292 So. 2d 350 | La. Ct. App. | 1974
This is an appeal by defendant, Myrl Su-merall, from a judgment rendered against him in favor of plaintiff, The Wickes Corporation, in the principal sum of $6,075.66, arising out of a suit against defendant-appellant and Larry E. Brown
Defendant’s next specification of error surrounds his claim that the note admittedly signed by him does not contain an unconditional promise to pay, but, on the contrary, is conditioned upon payment out of a designated fund, and inasmuch as the alleged fund never came into existence, the obligation is accordingly unenforceable. Again, we observe initially that no such issue was raised by defendant in his answer or in the pretrial order, and, indeed, none of the testimony at all alludes to this defense, which presumably is being asserted for the first time on appeal. This defense is predicted upon the fact that the note sued on, after containing the printed “promise to pay” contains the following clause handwritten on the note in ink, viz.: “$200 per job per pay back.” Defendant argues in brief that this language means that the note was to be paid only out of profits derived by the corporation, of which defendants were incorporators and stockholders, of $200 per contracting or home remodeling job, and inasmuch as no such profits were ever allegedly obtained, there does not exist an unconditional promise to pay.
This defense is without merit. At the outset, we do not believe this defense can properly be asserted at this stage of the proceedings for the first time, but would, on the contrary, necessitate an affirmative allegation to such effect. Even assuming, however, that such defense is properly befor the Court, nevertheless, the clause quoted above is not sufficiently clear and unequivocal as to nullify the clearly stated “promise to pay” made by both defendants in favor of plaintiff by virtue of their signing and executing the promissory note sued on; i. e., the clause is not sufficient to indicate that payment was to be made only out of such proceeds derived from corporate profit, and in the absence of such unequivocal condition attached to the terms of payment, this defense cannot be maintained, Muhoberac v. Saloon, Inc., 210 So.2d 572 (La.App. 4th Cir. 1968).
If defendant desired to show that he was not personally obligated on the promissory note, notwithstanding his having unconditionally signed same and similarly agreed unconditionally to pay the amount of the note, it was incumbent on defendant to establish that the written words previously quoted had such effect. We cannot discern what meaning should be accorded to the quoted words, and will not engage in speculation as to some possible significance which might have been attached thereto.

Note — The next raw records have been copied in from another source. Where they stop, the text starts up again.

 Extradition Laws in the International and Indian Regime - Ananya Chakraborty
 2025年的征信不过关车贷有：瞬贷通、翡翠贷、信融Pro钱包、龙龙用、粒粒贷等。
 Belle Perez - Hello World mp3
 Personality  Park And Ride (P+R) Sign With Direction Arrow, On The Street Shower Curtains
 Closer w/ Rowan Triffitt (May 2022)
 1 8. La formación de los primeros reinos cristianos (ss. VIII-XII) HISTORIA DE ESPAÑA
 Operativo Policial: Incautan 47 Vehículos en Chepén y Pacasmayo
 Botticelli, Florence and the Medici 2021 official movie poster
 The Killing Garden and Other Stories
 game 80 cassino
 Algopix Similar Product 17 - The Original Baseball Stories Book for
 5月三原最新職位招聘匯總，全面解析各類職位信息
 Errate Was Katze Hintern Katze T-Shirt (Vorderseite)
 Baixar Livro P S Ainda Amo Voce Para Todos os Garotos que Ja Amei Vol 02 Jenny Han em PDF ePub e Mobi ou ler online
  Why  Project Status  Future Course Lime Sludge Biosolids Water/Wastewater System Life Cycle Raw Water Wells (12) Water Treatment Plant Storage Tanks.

Defendant-appellant offered no credible evidence to substantiate the pleaded defense that he signed the note only in a representative capacity rather than individually-
For the foregoing reasons, the judgment appealed from is affirmed, with all costs of this appeal assessed to defendant-appellant.
Affirmed.
, This defendant was never served, and judgment was rendered only against defendant-appellant, Myrl Sumrall.